Will you plz tell me in which file I should add this

 
Scheduler = "DedicatedScheduler@MY_USERNAME@Server.Name.Cleaned"

as I'm not finding this entry in "condor_config" and "condor_config.local"

Date: Mon, 8 Apr 2013 16:29:05 -0400
From: dhentchel@xxxxxxxxx
To: htcondor-users@xxxxxxxxxxx

Subject: Re: [HTCondor-users] Job Submission in Parallel Universe

I don't know whether there may be other limitations that could get in the way, but I do know that if using Personal Condor you need to qualify the hostname strings with your user name, e.g.:
Scheduler = "DedicatedScheduler@MY_USERNAME@Server.Name.Cleaned"



On Mon, Apr 8, 2013 at 3:49 PM, Usman Khan <muakrules@xxxxxxxx> wrote:
Hello all thankx for your great help..
I think I forgot to mentioned that I'm running jobs on personal condor.
till now I hadn't made my own cluster so I jst wanna know is this job is executable on personal condor.


Greetings.


On 04/09/2013 12:13 AM, Andrew Kuelbs wrote:

 

I am running into an issue with my parallel universe jobs as well.  I have just installed condor as these instructions mentioned, with a few other alterations to customize my environment.

I am running RHEL 6.3 Server 64-bit on my master and compute nodes (about 50).  I am running Condor 7.8.7.  I have tried a few parallel mpi scripts including the one mentioned here in this thread. 

 

I come up with the following error in the log for that script in /var/log/codor/ShadowLog:

 

04/08/13 14:06:26 Initializing a PARALLEL shadow for job 50.0

04/08/13 14:06:26 (50.0) (24348): condor_write(): Socket closed when trying to write 37 bytes to daemon at <Server.IP.Cleaned:46094>, fd is 5

04/08/13 14:06:26 (50.0) (24348): Buf::write(): condor_write() failed

04/08/13 14:06:26 (50.0) (24348): ChildAliveMsg: failed to send DC_CHILDALIVE to parent daemon at <Server.IP.Cleaned:46094> (try 1 of 3): CEDAR:6002:failed to send EOM

04/08/13 14:06:27 (50.0) (24348): ERROR "Failed to get number of procs" at line 241 in file /slots/01/dir_65060/userdir/src/condor_shadow.V6.1/parallelshadow.cpp

 

 

 

Dedicated Server’s /etc/condor/condor_config.local

 

##  What machine is your central manager?

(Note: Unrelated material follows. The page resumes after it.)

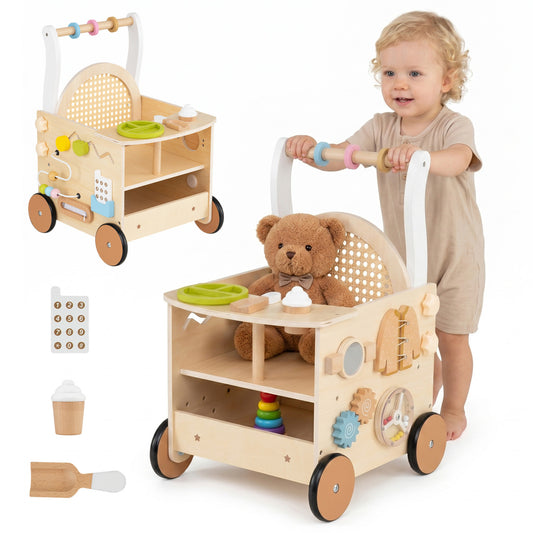 Wooden 13-in-1 toddler push walker with wheels and storage, designed for baby activity and play by Wilsons Home Store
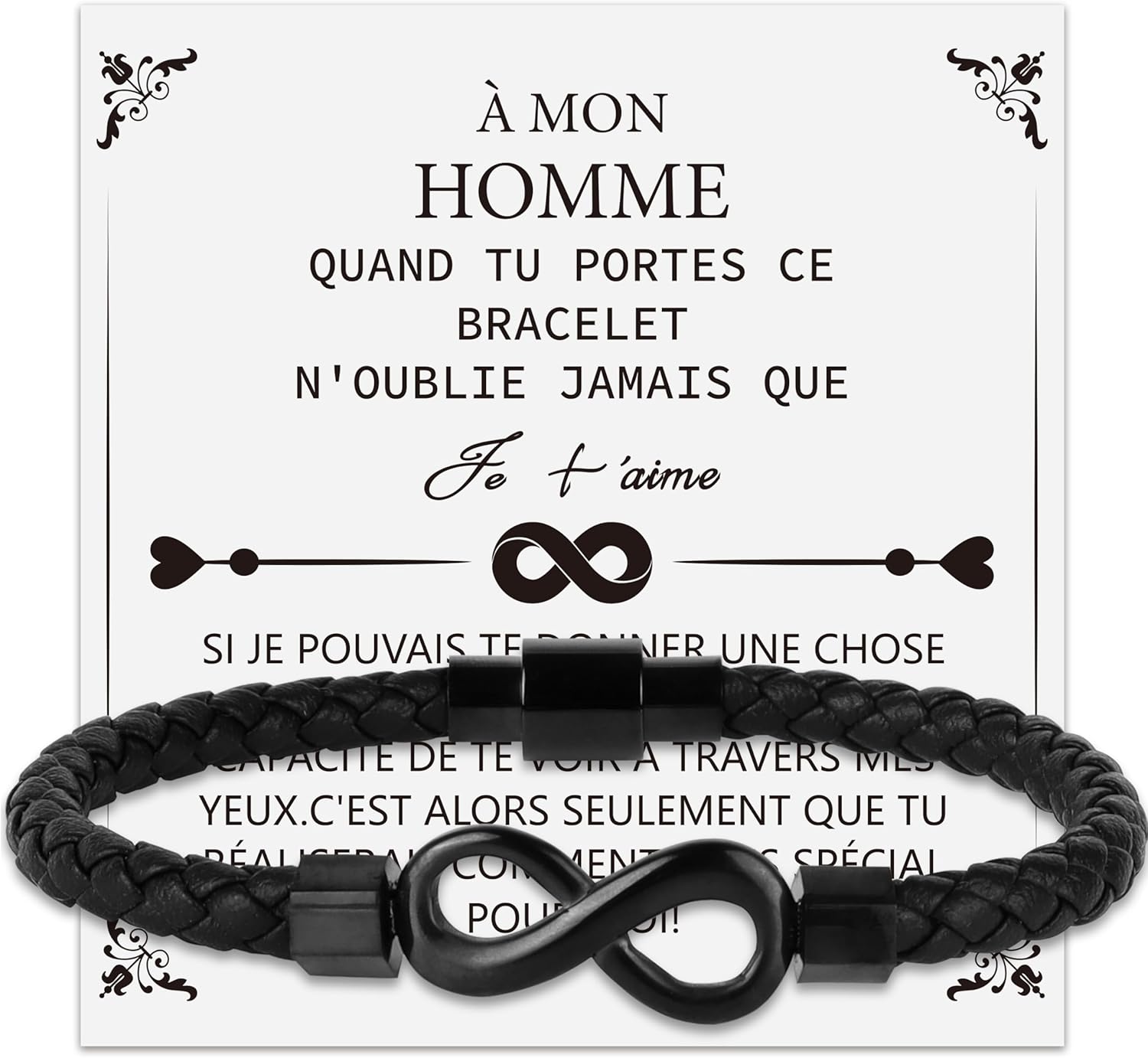 Merclix Idee Cadeau Homme Original Amour Bracelet Cuir Homme Idee ...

CONDOR_HOST = Server.Name.Cleaned

## Pool's short description

COLLECTOR_NAME = "Server.Name.Cleaned"

 

#FOR MPI and other Parallel Universe runs

Scheduler = "DedicatedScheduler@xxxxxxxxxxxxxxxxxxx"

 

##  When is this machine willing to start a job?

START = TRUE

##  When to suspend a job?

SUSPEND = FALSE

##  When to nicely stop a job?

##  (as opposed to killing it instantaneously)

PREEMPT = FALSE

##  When to instantaneously kill a preempting job

##  (e.g. if a job is in the pre-empting stage for too long)

KILL = FALSE

##  This macro determines what daemons the condor_master will start and keep its watchful eyes on.

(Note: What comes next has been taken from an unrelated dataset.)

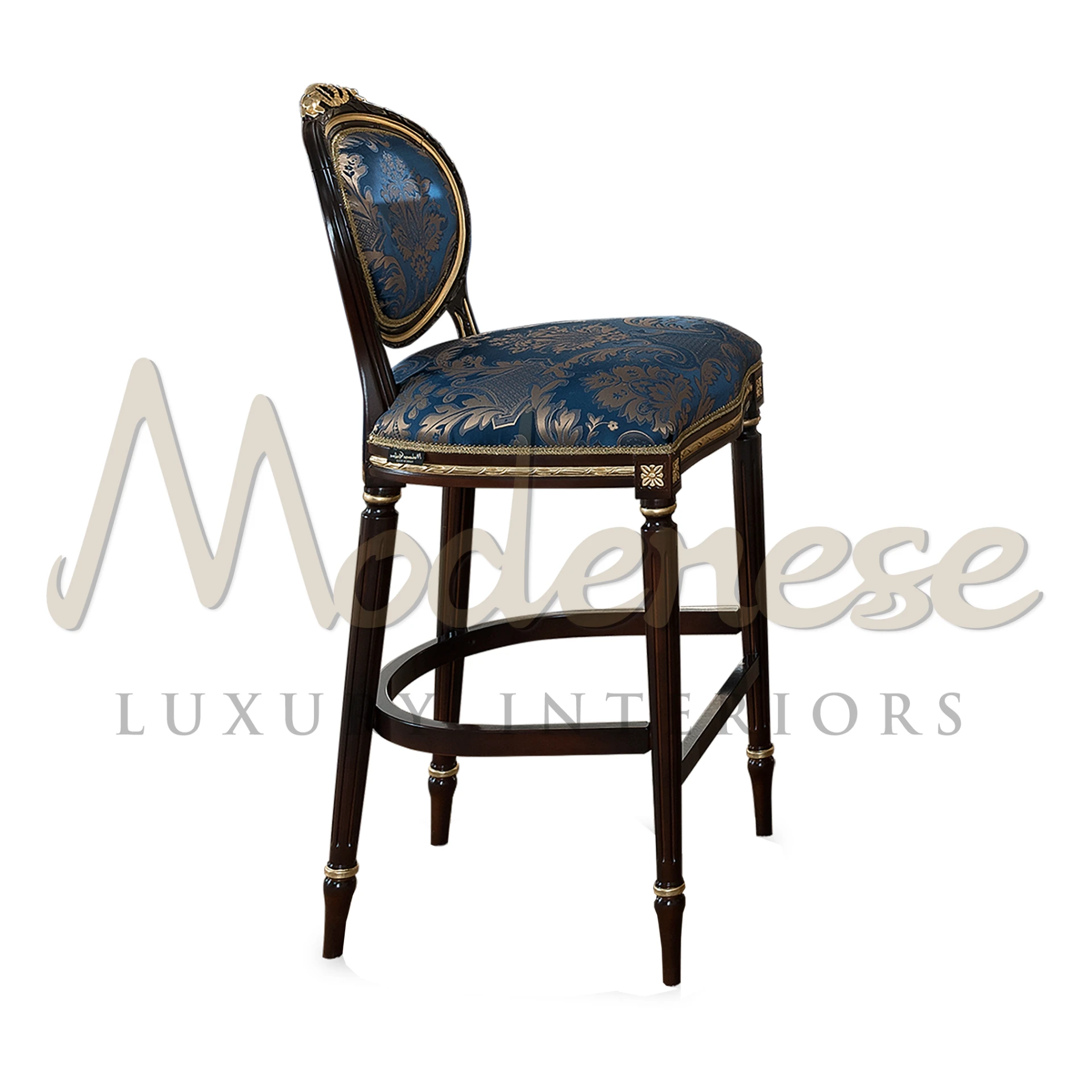 Exquisite black bar stool with gold leaf details. Part of the Modenese Home Bar set, featuring classic blue fabric.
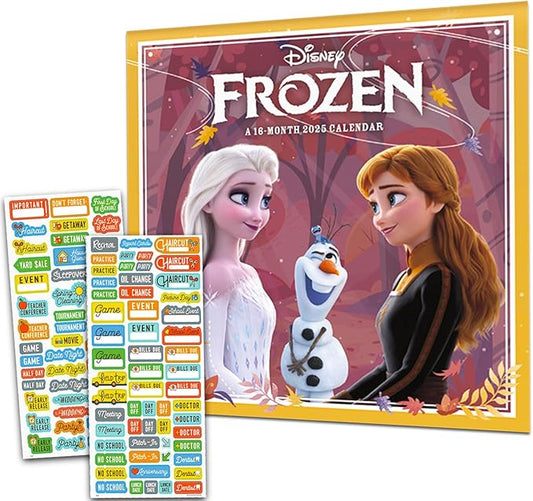 Disney Frozen Calendar 2025 - Deluxe 2025 Anna and Elsa Mini Calendar Bundle with Over 100 Calendar Reminder Stickers (Frozen Gifts, Office Supplies)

##  The list is a comma or space separated list of subsystem names

 

DAEMON_LIST = COLLECTOR, MASTER, NEGOTIATOR, SCHEDD

 

- - - - - - - - - - - - - - - - - - - - -

All Compute Node’s /etc/condor/condor_config.local

 

##  What machine is your central manager?

CONDOR_HOST = Server.Name.Cleaned

 

## Pool's short description

COLLECTOR_NAME = "Server.Name.Cleaned"

 

#FOR Parallel MPI files to run

DedicatedScheduler = "DedicatedScheduler@xxxxxxxxxxxxxxxxxxx"

STARTD_ATTRS = $(STARTD_ATTRS), DedicatedScheduler

 

CONTINUE = True

WANT_SUSPEND = False

WANT_VACATE = False

RANK = Scheduler =?= $(DedicatedScheduler)

 

##  When is this machine willing to start a job?

START = TRUE

 

##  When to suspend a job?

SUSPEND = FALSE

 

##  When to nicely stop a job?

##  (as opposed to killing it instantaneously)

PREEMPT = FALSE

 

##  When to instantaneously kill a preempting job

##  (e.g. if a job is in the pre-empting stage for too long)

KILL = FALSE

 

##  This macro determines what daemons the condor_master will start and keep its watchful eyes on.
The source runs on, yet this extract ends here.